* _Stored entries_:
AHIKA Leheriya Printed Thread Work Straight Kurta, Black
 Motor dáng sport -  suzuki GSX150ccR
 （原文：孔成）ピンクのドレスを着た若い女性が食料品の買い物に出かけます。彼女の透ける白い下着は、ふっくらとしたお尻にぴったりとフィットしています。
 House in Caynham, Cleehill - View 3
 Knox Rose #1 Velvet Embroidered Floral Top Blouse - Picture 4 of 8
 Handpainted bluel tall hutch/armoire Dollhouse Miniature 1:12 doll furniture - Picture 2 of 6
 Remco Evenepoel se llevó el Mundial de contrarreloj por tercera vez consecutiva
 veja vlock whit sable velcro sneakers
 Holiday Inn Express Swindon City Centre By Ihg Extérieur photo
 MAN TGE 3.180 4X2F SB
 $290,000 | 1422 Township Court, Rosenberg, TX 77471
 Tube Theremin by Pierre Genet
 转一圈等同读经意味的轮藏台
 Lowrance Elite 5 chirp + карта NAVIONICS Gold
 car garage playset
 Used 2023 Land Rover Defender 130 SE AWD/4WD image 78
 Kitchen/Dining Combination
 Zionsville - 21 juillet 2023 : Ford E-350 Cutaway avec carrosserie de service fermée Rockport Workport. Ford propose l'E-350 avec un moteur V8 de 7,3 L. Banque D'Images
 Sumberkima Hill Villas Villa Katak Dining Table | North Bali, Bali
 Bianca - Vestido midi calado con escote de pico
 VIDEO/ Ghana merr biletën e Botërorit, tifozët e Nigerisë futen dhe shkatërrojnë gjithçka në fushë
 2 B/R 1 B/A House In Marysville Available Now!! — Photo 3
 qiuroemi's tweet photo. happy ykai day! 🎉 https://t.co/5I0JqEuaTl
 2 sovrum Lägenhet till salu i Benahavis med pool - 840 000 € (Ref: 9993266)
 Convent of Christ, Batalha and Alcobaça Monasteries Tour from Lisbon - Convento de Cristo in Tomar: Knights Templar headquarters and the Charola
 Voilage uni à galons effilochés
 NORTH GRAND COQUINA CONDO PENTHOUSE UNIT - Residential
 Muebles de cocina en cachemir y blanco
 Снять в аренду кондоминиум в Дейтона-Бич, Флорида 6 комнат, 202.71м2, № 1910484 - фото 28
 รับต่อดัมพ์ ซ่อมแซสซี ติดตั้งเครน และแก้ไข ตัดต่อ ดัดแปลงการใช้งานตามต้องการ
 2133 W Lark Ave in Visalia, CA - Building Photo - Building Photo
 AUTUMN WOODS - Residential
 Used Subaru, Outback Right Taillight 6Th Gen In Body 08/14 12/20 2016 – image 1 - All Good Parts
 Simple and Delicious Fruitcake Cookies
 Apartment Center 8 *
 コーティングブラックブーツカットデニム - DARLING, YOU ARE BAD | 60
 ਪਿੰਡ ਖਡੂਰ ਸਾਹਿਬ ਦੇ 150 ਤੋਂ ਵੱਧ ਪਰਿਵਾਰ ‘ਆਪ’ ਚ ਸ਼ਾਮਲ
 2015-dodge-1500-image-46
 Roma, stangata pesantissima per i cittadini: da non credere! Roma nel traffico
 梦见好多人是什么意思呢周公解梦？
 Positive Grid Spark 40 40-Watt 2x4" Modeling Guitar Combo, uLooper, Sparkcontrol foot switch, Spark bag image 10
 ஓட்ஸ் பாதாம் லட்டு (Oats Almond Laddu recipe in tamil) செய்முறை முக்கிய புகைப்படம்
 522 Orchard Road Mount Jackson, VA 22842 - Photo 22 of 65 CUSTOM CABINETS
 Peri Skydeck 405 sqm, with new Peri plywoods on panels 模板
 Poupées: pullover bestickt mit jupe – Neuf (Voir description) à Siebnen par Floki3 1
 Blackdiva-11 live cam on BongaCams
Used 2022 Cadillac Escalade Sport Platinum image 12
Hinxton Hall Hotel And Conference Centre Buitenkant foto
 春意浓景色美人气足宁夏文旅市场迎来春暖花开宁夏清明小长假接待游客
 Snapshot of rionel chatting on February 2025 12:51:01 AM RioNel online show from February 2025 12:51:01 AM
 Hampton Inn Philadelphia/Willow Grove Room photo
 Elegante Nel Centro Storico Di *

* _Activity_: Please copy the lines in the records above between the one holding "2015-dodge-1500-image-46" and the one holding "ஓட்ஸ் பாதாம் லட்டு", inclusive, exactly and with no other line.

* _Exercise result_:
 2015-dodge-1500-image-46
 Roma, stangata pesantissima per i cittadini: da non credere! Roma nel traffico
 梦见好多人是什么意思呢周公解梦？
 Positive Grid Spark 40 40-Watt 2x4" Modeling Guitar Combo, uLooper, Sparkcontrol foot switch, Spark bag image 10
 ஓட்ஸ் பாதாம் லட்டு (Oats Almond Laddu recipe in tamil) செய்முறை முக்கிய புகைப்படம்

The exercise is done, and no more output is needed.